Source material START
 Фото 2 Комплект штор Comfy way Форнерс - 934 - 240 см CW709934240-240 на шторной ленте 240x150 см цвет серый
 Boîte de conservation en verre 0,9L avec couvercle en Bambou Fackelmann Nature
Source material END
Source material START
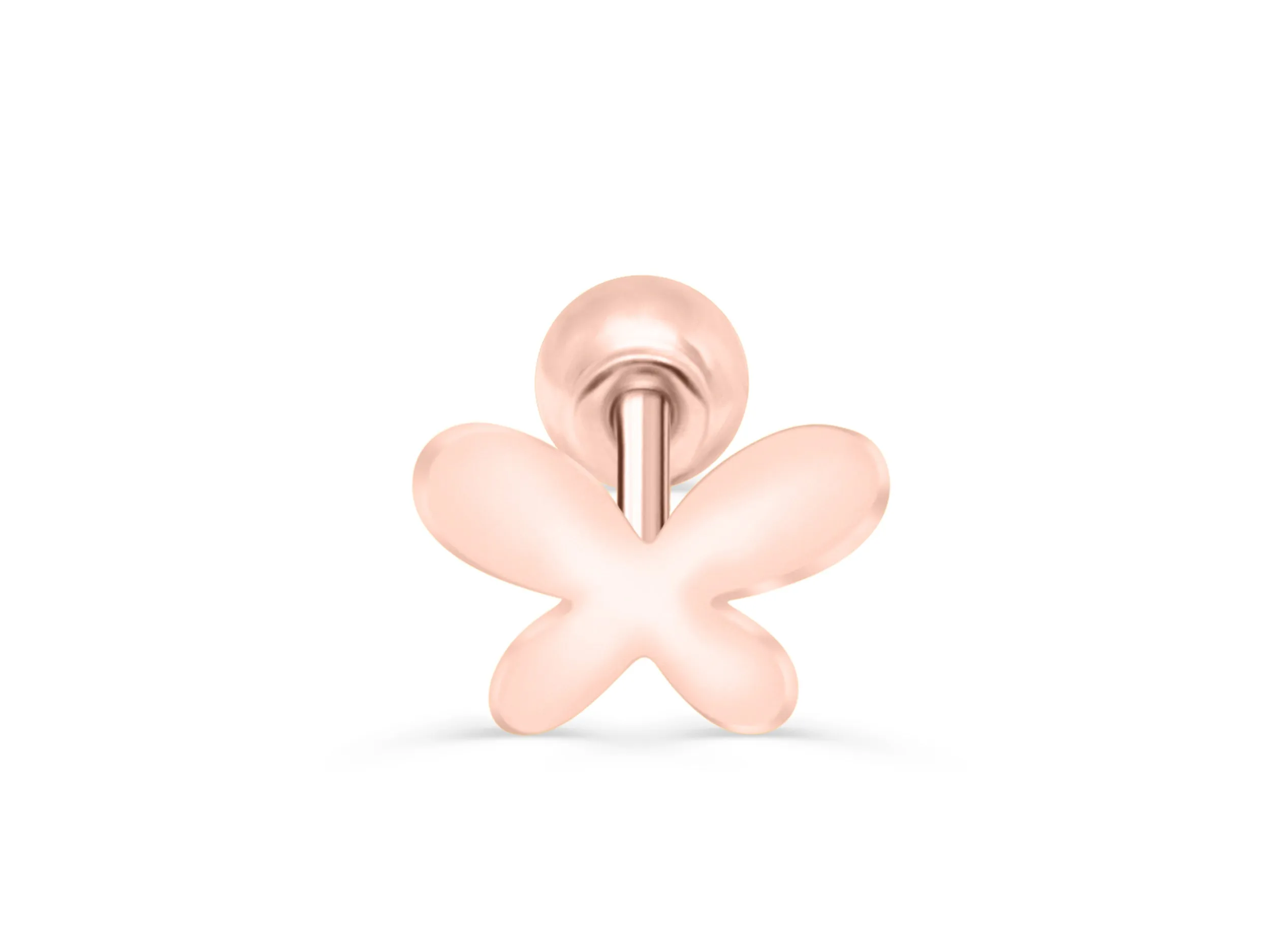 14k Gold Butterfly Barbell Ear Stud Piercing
Source material END
▶ **Aim of the task**: Look above for the line with "Фото 2 Комплект" and the line with "Boîte de conservation". Write out those two lines and all the lines between them, exactly, and no others.

▶ **Task output**:
 Фото 2 Комплект штор Comfy way Форнерс - 934 - 240 см CW709934240-240 на шторной ленте 240x150 см цвет серый
 Boîte de conservation en verre 0,9L avec couvercle en Bambou Fackelmann Nature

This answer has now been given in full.